El daño colateral**
Tomados de La Jornada, El Fisgón, Hernández y Rocha y El Universal, Helioflores y Naranjo.
Erubiel Tirado*
MÉXICO, D.F. (Proceso).- La justificación principal del
presidente Calderón y sus defensores, dentro y fuera del gobierno, por el hecho
de acudir a las Fuerzas Armadas ante la pérdida del control territorial a manos
de las organizaciones criminales, es que dicha medida era supuestamente
inevitable. Sin embargo, el componente militar en el contexto histórico y
político se ha revelado como parte del problema antes que como la solución,
tanto en su uso policiaco como en la lucha contra el narcotráfico y el crimen
organizado. Al final, el resultado es una distorsión, si no es que una pérdida,
de la esencia de defensa nacional que define a las Fuerzas Armadas.

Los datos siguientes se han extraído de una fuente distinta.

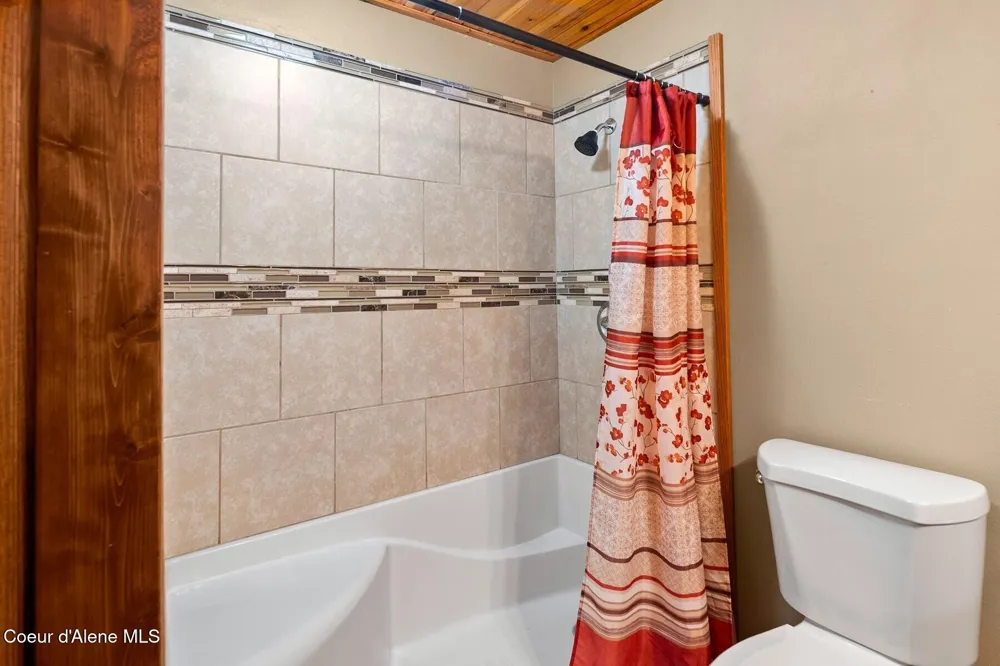 7001 E Chattaroy Road Chattaroy, WA 99003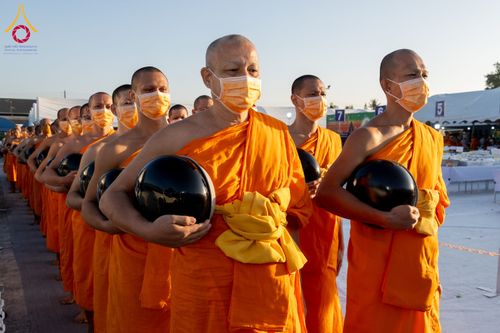 ภาพ No.289968:วันที่ 8 มกราคม พ.ศ. 2569 พิธีถวายภัตตาหารเป็นสังฆทาน แด่พระธรรมยาตรา ณ อนุสรณ์สถานคลองบางนางแท่น อ.สามพราน จ.นครปฐม ในโครงการธรรมยาตรา กตัญญูบูชา มหาปูชนียาจารย์ พระมงคลเทพมุนี(สด จนฺทสโร) พระผู้ปราบมาร อนุสรณ์สถาน 7 แห่ง ปีที่ 14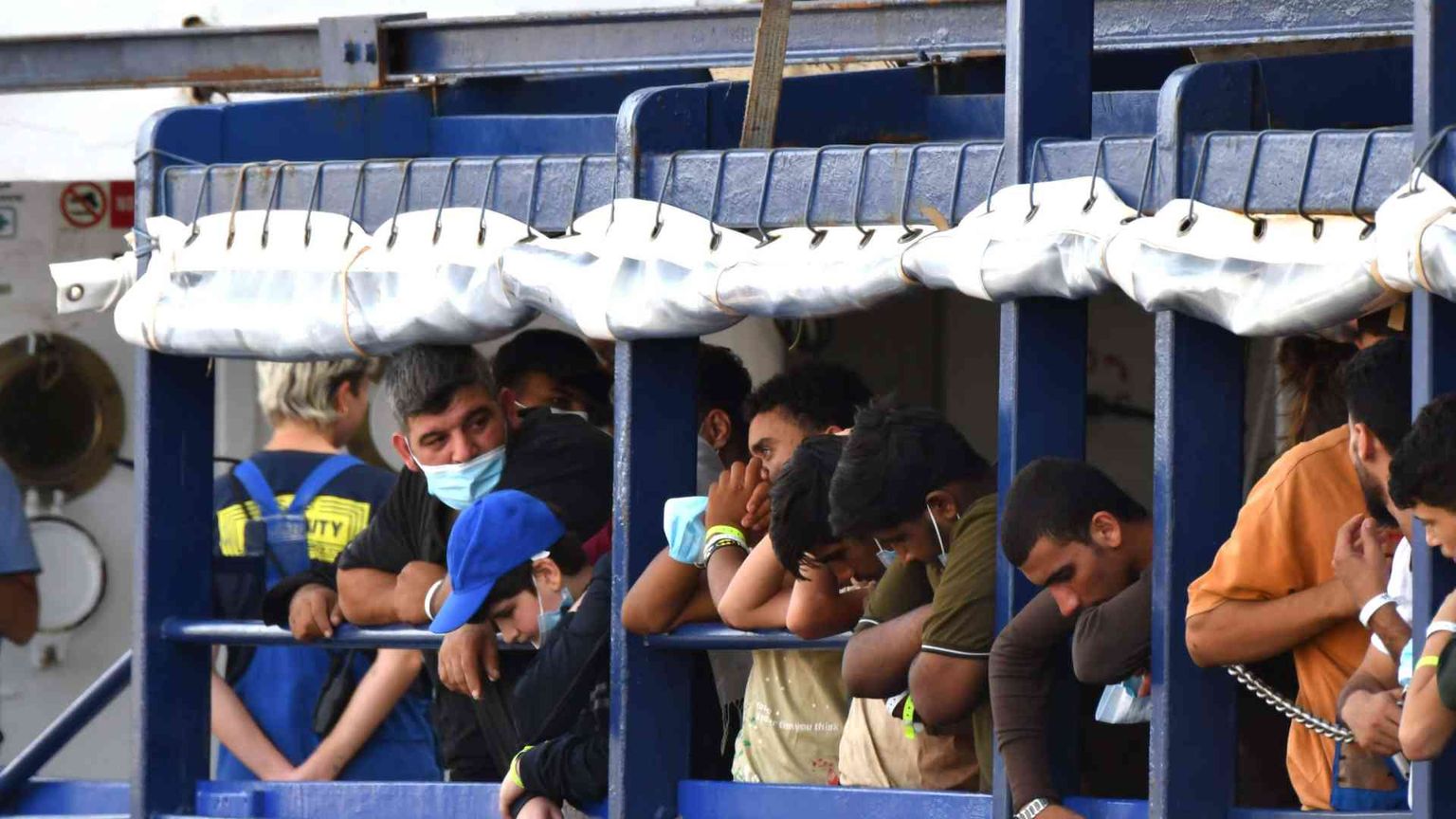 Soccorsi e trasferimenti, quei silenzi sui migranti del mare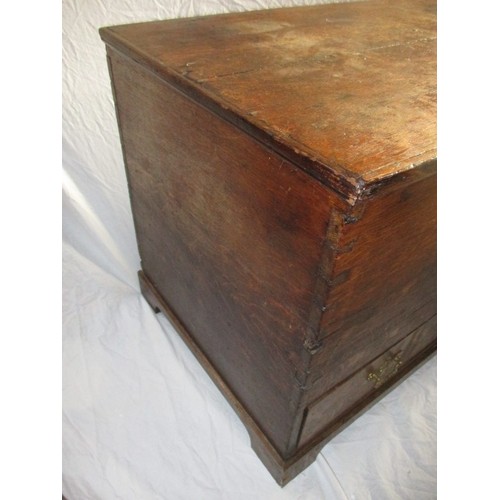 199 - An antique oak mule chest, being a storage box with lower drawers, in vintage condition with use rel... 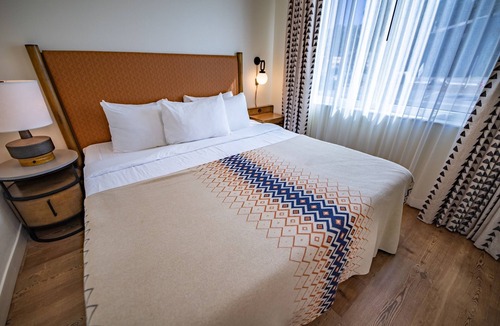 Mammoth Lakes Hotel | 3 Family Alpine Units with Pool Access Near Mammoth Mountain & Scenic Trails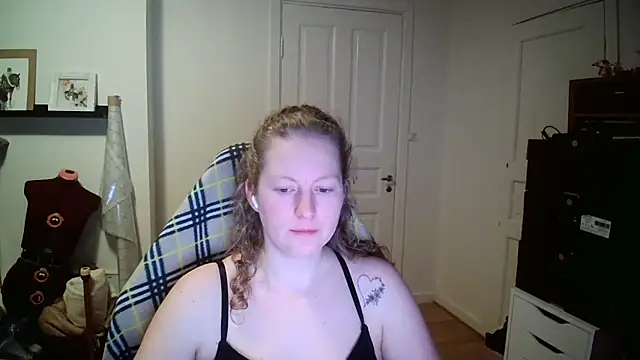 Girlnina-1995 online show from January 12, 2026, 8:36 pm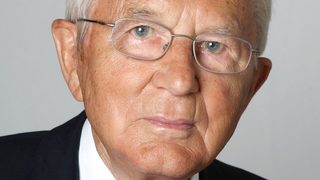 Най-богатият човек в Германия Карл Албрехт почина на 94 г.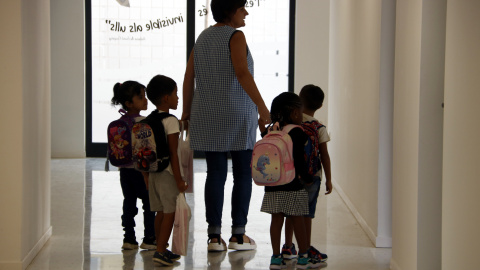 Una professora amb alumnes a la nova escola El Roser del Poal Una professora amb alumnes a la nova escola El Roser del Poal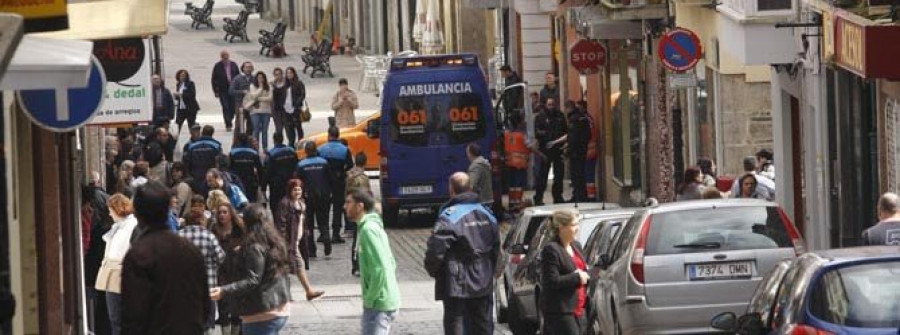 La Policía Local evita que un hombre se arroje a la calle desde un tercer piso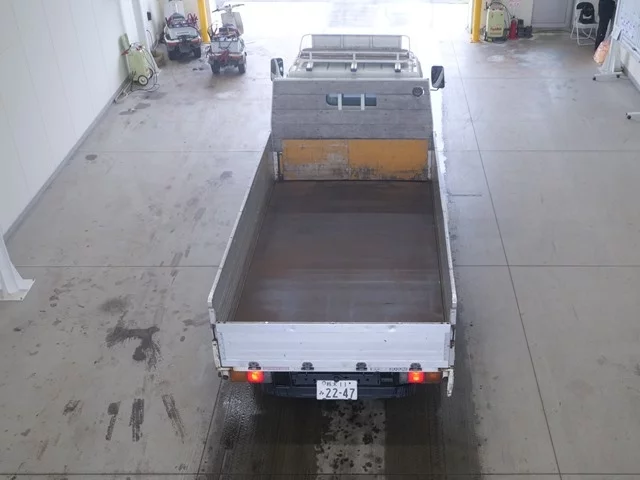 Mitsubishi Fuso Canter  с аукциона в Японии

La participación directa de los militares en la lucha contra
el narcotráfico durante los gobiernos de la alternancia panista 2000-2012, y en
particular la guerra que declaró Felipe Calderón a esa actividad al inicio de
su régimen, trajeron consecuencias negativas para las instituciones armadas y
para la relación civil-militar en México.
El fracaso de la guerra calderonista no se limita al
alarmante número de muertes, desapariciones forzadas y violaciones graves a los
derechos humanos relacionadas con la actividad de las fuerzas militares y
policiacas en los últimos seis años. El daño se extiende de modo orgánico y
operativo a las Fuerzas Armadas en términos tales que nuestra incipiente
institucionalidad democrática en materia de relaciones civiles-militares se
muestra débil o incapaz de reaccionar y se encuentra amenazada ante la
prolongada permanencia e influencia castrense.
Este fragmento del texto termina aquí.